Sus primeros libros circularon clandestinamente. Su poesía era un “peligro” para el Chile dictatorial , contexto en el que surge su libro La bandera de Chile, escrito a comienzos de los 80 y publicado una década después (Buenos Aires: Libros de Tierra Firme, 1991). Un volumen donde la bandera es agente de violencia. Fetiche de la dictadura, símbolo patrio capturado, rendido al enemigo, la bandera como agente del poder implica derrota, la afirmación de un poder que resignifica las bases mismas de la identidad nacional usurpada: “La bandera de Chile es usada de mordaza/ y por eso seguramente por eso/ nadie dice nada”. La cita a Carlos Pezoa Véliz y su poema “Nada” (1912) resulta precisa para exponer el silencio colectivo, una suerte de contrato tácito, que remite a un modo de ser chileno/a encerrado/a en el silencio y la naturalización de la muerte.

La poesía de Hernández transita además por una rotunda conciencia mestiza que acusa pertenencia a un lugar subalterno, donde el cuerpo ha sido roto por la agencia colonial: “Yo herma/ cuchepa/ india sudamericana/ No vuelvo a cruzar el Estrecho de Bering para devolver la mano a nadie […] / Nunca estaré colgando de una lágrima del Everest/ Estoy sentada y me columpio en el sillar de mi pelvis/ el filo del mundo” (Actas Urbe). La inflexión de género opera como marca que contribuye a situar al yo lírico que se califica de “herma”, busto sin brazos, y “cuchepa”, cuerpo sin piernas. En definitiva, un cuerpo mutilado por la colonización que, al modo de un compromiso, rechaza el encuentro con ese otro mundo, el del colonizador. La corporalidad, asimismo, entraña la ocupación de un territorio. Esta vez es la metonimia de la pelvis, gran signo del acontecer mujer, que bascula desde “el filo del mundo” hacia Sudamérica.

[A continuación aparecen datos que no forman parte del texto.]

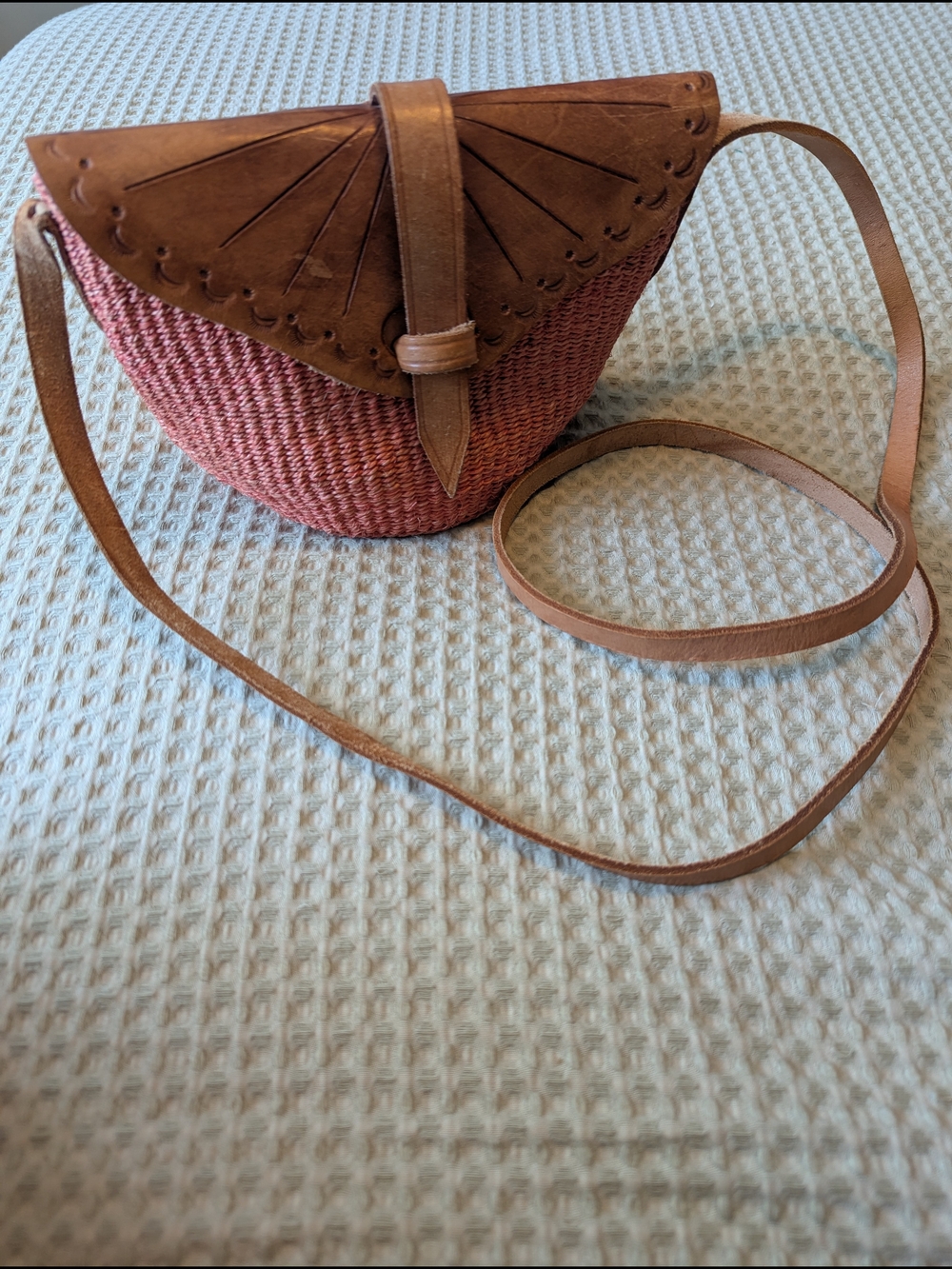 Vintage Straw Crossbody Bag with Brown Leather Flap - Picture 2 of 6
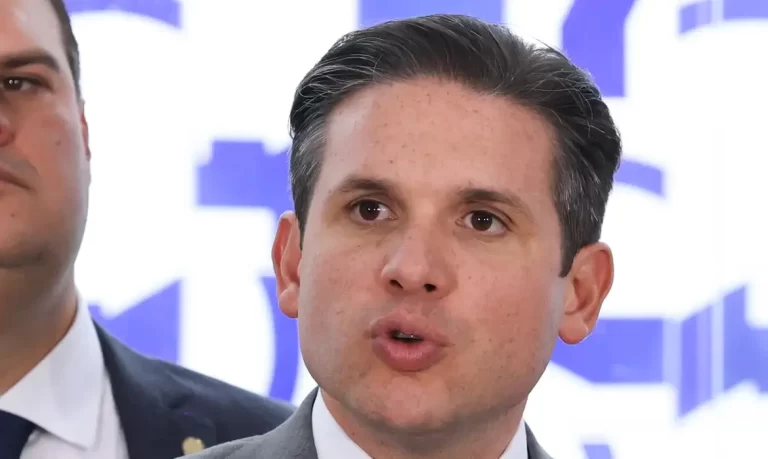 Fim da escala 6×1 será debatido por PEC na Câmara, diz Hugo Motta, com meta de votação até maio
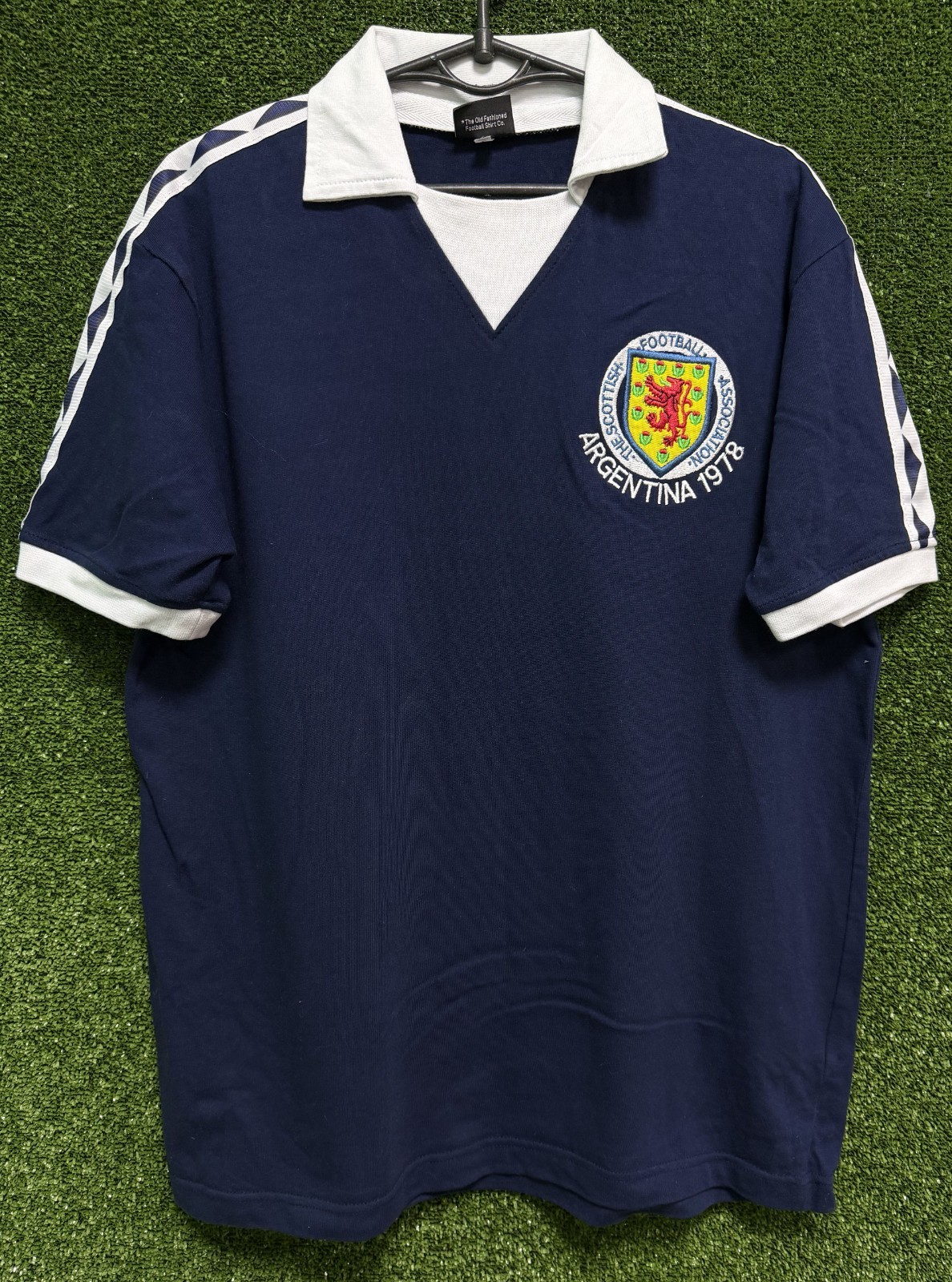 RETRO REPLICA MEN\'S SCOTLAND 1978/1982 SOCCER FOOTBALL SHIRT JERSEY SIZE L LARGE RETRO REPLICA MEN\'S SCOTLAND 1978/1982 SOCCER FOOTBALL SHIRT JERSEY SIZE L LARGE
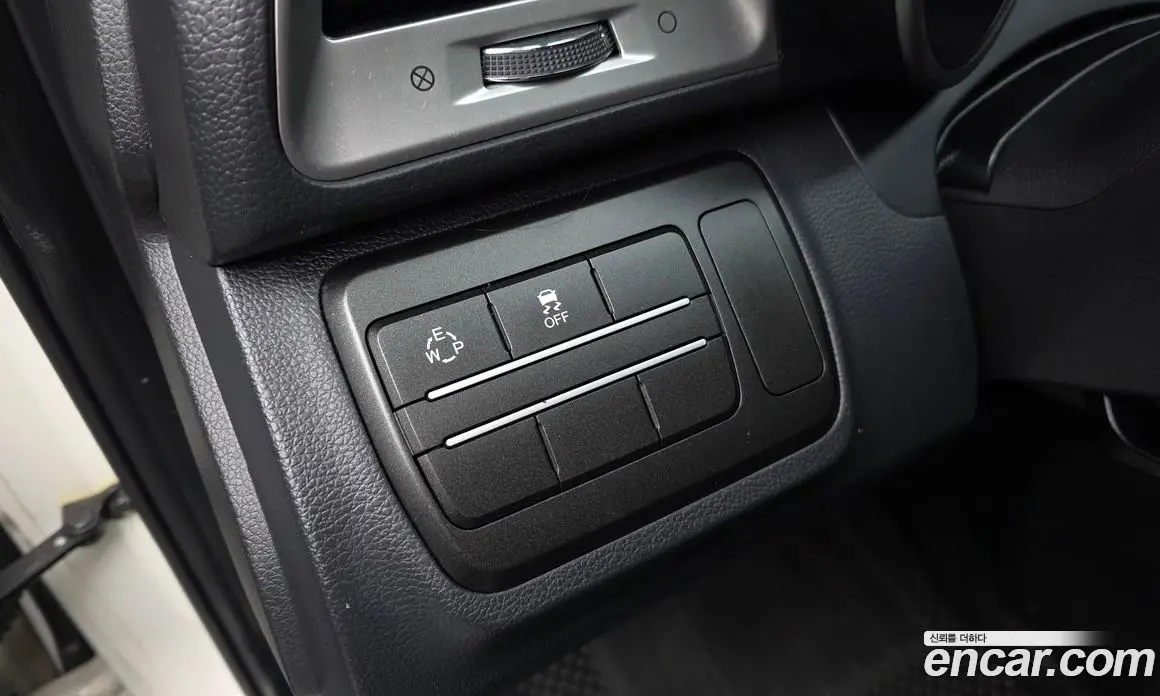 SsangYong TIBOLI 2015 1.6 автомат (гидро), фото 18 SsangYong TIBOLI 2015 1.6 автомат (гидро), фото 18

La voz lírica que elabora la poeta aparenta calma, sin embargo allí subyace una consciencia perturbada por la historia de un país derrotado e intervenido en su territorialidad y en su imaginario. Pese a la vastedad de este escenario de pérdida, ayer y hoy, la poesía se yergue y visibiliza el quiebre. La crítica, su toma de posición, implica restitución. Esto significa la mantención del deseo de cambio a través del alzamiento de una voz ajena al silenciamiento y la sumisión.

El Premio Nacional, históricamente tan injusto en la entrega de galardones, en particular con las escrituras de mujeres, esta vez ha acertado en destacar la escritura de Hernández. Una poeta que comunica sin perder un ápice de precisión técnica, insistiendo con una estética del despojo y la resistencia, sustentada en una economía estética que resignifica el hacer poético en un contexto neoliberal y la concepción de una literatura política.

Hernández es una sobreviviente de la violencia dictatorial, pero también de un modo de asumir el oficio poético, aunado con la vida disidente, crítica, sin temor a la conjunción literatura y política. Estamos ante una mujer que exuda poesía y oficio, donde cada una de sus palabras, cualquiera sea el contexto, nos lleva a una reflexión filosófico-política de una potencia conmovedora. Como Instituto de Estética de la Pontificia Universidad Católica de Chile celebramos su poesía viva, plenamente vigente y nos unimos al aplauso por este importante premio. Un logro suyo, plenamente suyo, de nadie más que de la imbatible poesía de Elvira Hernández.